Techniques to Reduce Thread-Level Speculation Overhead

Doktorsavhandling, 2006

The traditional single-core processors are being replaced by chip multiprocessors (CMPs) where several processor cores are integrated on a single chip. While this is beneficial for multithreaded applications and multiprogrammed workloads, CMPs do not provide performance improvements for single-threaded applications. Thread-level speculation (TLS) has been proposed as a way to improve single-thread performance on such systems. TLS is a technique where programs are aggressively parallelized at run-time -- threads speculate on data and control dependences but have to be squashed and start over in case of a dependence violation.

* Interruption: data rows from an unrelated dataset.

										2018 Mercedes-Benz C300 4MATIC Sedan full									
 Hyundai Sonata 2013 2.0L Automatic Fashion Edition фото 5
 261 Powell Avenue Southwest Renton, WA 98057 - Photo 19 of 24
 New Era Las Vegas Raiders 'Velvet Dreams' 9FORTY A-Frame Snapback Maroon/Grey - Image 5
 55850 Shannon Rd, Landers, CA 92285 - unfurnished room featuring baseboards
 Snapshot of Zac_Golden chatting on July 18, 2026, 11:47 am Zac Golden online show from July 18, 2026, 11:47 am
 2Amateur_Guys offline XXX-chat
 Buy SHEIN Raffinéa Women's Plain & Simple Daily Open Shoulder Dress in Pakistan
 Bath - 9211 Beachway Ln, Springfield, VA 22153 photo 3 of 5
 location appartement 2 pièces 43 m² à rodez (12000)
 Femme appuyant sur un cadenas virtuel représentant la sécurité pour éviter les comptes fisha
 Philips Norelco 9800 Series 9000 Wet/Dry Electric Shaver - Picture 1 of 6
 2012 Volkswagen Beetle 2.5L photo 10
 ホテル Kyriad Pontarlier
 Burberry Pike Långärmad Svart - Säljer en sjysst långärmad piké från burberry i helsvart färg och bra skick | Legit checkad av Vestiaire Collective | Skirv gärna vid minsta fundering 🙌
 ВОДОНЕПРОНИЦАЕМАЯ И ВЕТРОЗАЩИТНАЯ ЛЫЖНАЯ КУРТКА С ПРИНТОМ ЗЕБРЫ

Unfortunately, various sources of overhead create a major performance problem for TLS. This thesis quantifies the impact of overheads on the performance of TLS systems, and suggests remedies in the form of a number of overhead-reduction techniques. These techniques target run-time parallelization that do not require recompilation of sequential binaries. The main source of parallelism investigated in this work is module continuations, i.e. functions or methods are run in parallel with the code following the call instruction. Loops is another source. Run-length prediction, a technique aimed at reducing the amount of short threads, is introduced. An accurate predictor that avoids short threads, or dynamically unrolls loops to increase thread lengths, is shown to improve speedup for most of the benchmarks applications. Another novel technique is misspeculation prediction, which can remove most of the TLS overhead by reducing the number of misspeculations. The interaction between thread-level parallelism and instruction-level parallelism is studied -- in many cases, both sources can be exploited for additional performance gains, but in some cases there is a trade-off. Communication overhead and memory-level parallelism are found to play an important role. For some applications, prefetching from threads that are squashed contributes more to speedup than parallel execution. Finally, faster inter-thread communication is found to give simulataneous multithreaded (SMT) processors an advantage as the basis for TLS machines.